DETAILED DESCRIPTION OF THE PREFERRED EMBODIMENTS

(8) FIG. 1 shows a clamping fixture 1 which is also designated as a vice. The clamping fixture 1 should hold a workpiece 20 in a fixed position in space, for example on a machine tool, so that the workpiece 20 can be machines.

(9) The clamping fixture 1 consists of a housing 2 with a guide track 10 worked into it in the longitudinal direction of the housing 2, into which guide track 10 the two base jaws 2 and 4 can be inserted by pushing in at the two opposite end faces 16. The base jaws 3, 4 are coupled with a spindle drive 9 in a driving connection and can be axially moved by the spindle drive 9.

(10) In particular, FIG. 3 shows that the two base jaws 3, 4 have sloping surfaces 8 that are angled towards one other and as soon as the spindle drive 9 has moved along the angled surfaces 8 the base jaws 3, 4 are either forced apart or moved together. One of the two base jaws 3 or 4 can also be configured as a fixed stop which one base jaw 3 moves towards or from which it moved away.

(11) The parting plane between the two base jaws 3, 4 is assigned the reference number 15. As is known, an air gap 21 is created in the corresponding transitional areas between the two base jaws 3, 4 as well as between these and the inner wall of the guide track 10, and chips or other lubricating fluids can penetrate this air gap 21, as a result of which the sliding properties of the base jaws 3, 4 along the guide track 10 are significantly impaired or may even be completely restricted. This air gap 21 should be sealed by means of a seal 11 that is made of a plastic, PU foam, rubber or a plastic/rubber blend. This can be seen in particular in FIGS. 4a, 4b and 4c. The seal 11 is made from an elastic, soft material, which means the movement of the base jaws 3,4 can cause the seal 11 to slide out of the air gap 21 in question. To prevent this, each seal 11 has a support strip 12 assigned to it which is held on the housing 2 by means of fastening screws 13 or clamping wedges 17.
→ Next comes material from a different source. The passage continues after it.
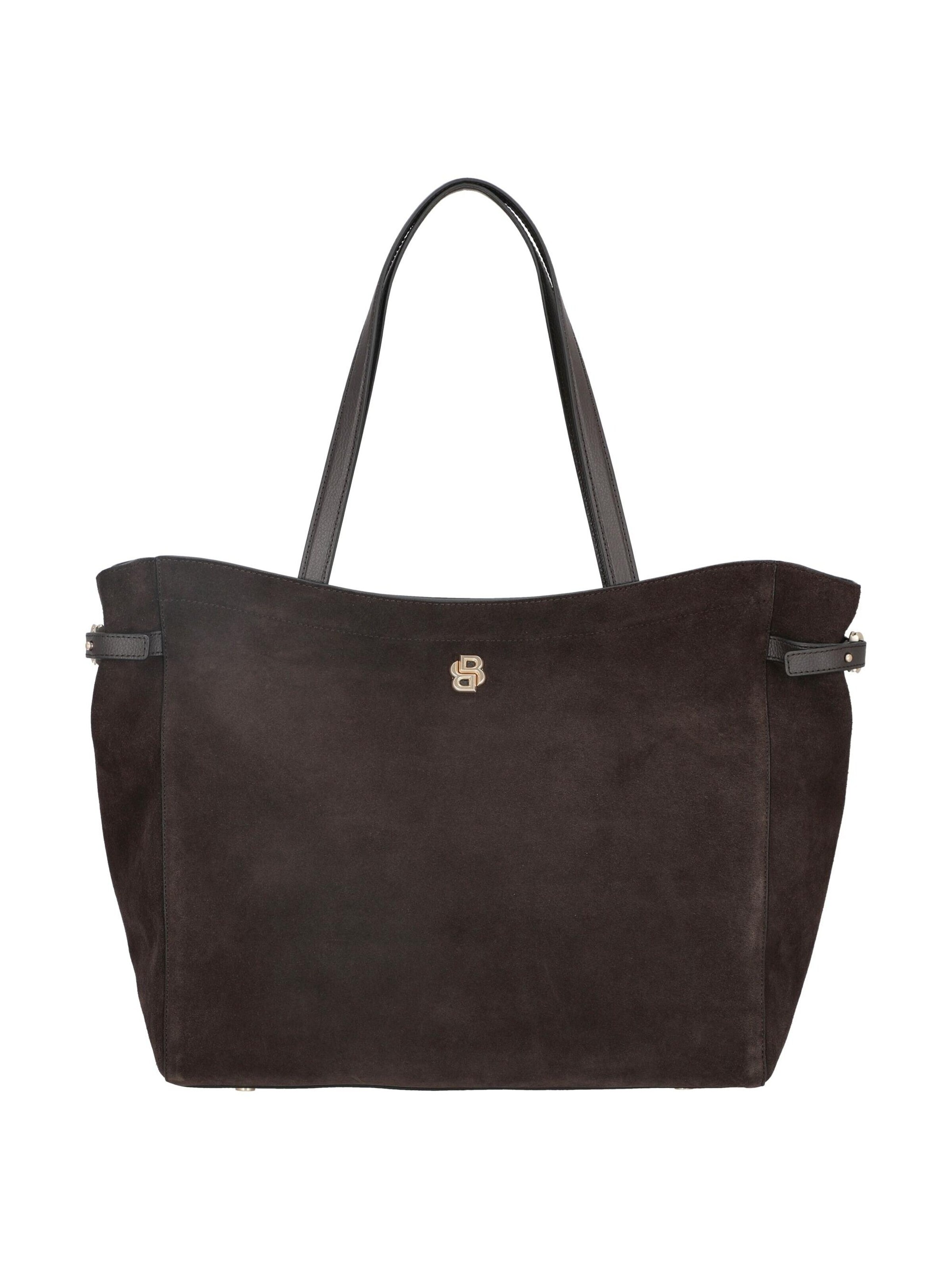 HUGO BOSS Shopper 'Beyond' in One size in Brown, Item view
(12) FIG. 2 shows that a total of five support strips 12 are assembled into a grid structure. The support strips 12 that are adjacent in each case are screwed onto one another at the corresponding nodal points 22 and consequently form a solid structure that runs in the area of the air gap 21 between the two base jaws 3, 4 in the area of the parting plane 15 as well as between the base jaws 3, 4 and the inner wall of the guide track 10. In addition, the air gap 21 located in the area of the face ends 16 of the housing 2 should also be covered.
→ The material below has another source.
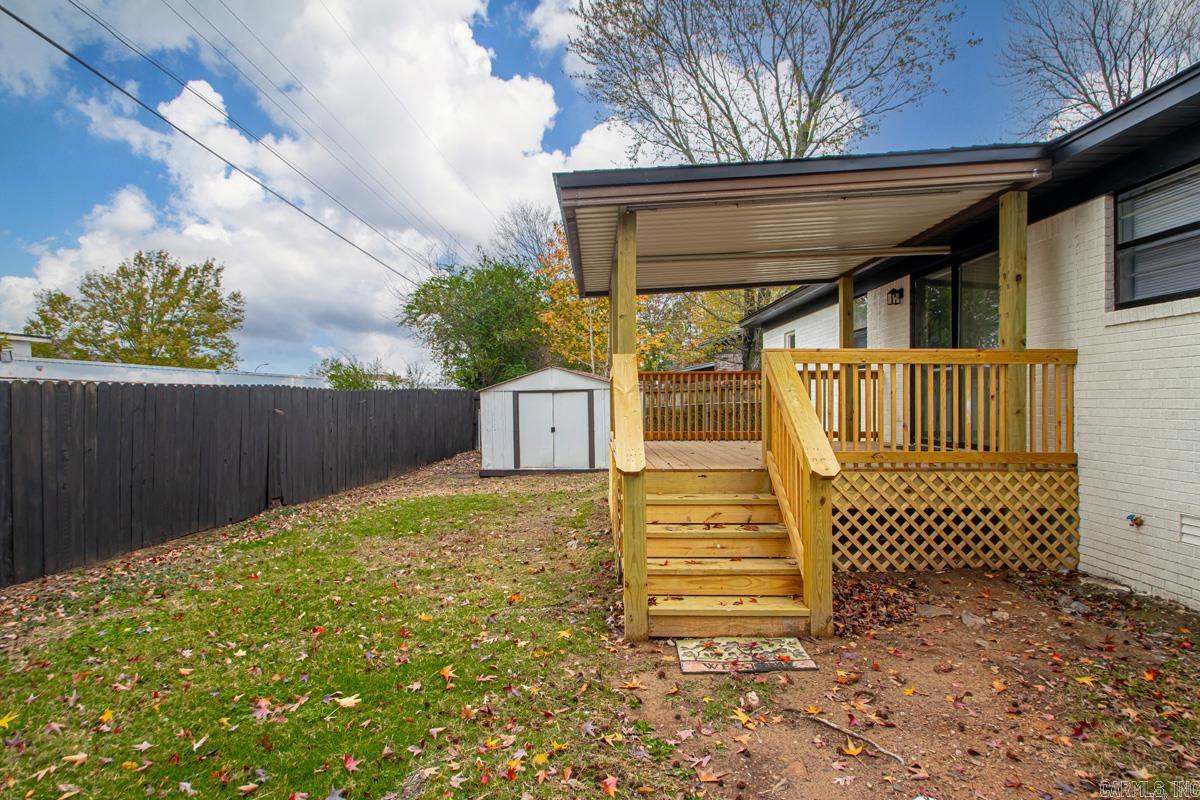 Cunninghams Rep - Residential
(13) The seal 11 can either be connected firmly to the corresponding support strip 12, for example using a bonded or soldered joint, or the seal 11 is initially separately inserted into the corresponding air gap 21 and then the seal 11 is held in the corresponding air gap 21 by means of the support strip 12 in the corresponding position. This means the corresponding base jaw 3, 4, which according to FIG. 3 each carries a clamping jaw 7, 8, can be pushed out of the corresponding guide track without further ado, for example in order to exchange the base jaws 3, 4 or for thorough cleaning of the guide track 10.

(14) In order to accommodate the seal 11, a U-shaped or L-shaped chamber 18 is either worked into the support strip 12 or in the housing 2, into which the corresponding seal 11 is inserted. The seal 11 is manufactured from an elastic, highly flexible material, which means the dimension of the seal 11 can be larger than the height or length of the chamber 18 which means when the support strip 12 is installed, the seal 11 is compressed between the strip 12 and the surface of the housing 2. As a result, the seal 11 is subject to a certain preload between the support strip 12 and the particular area of the housing 2.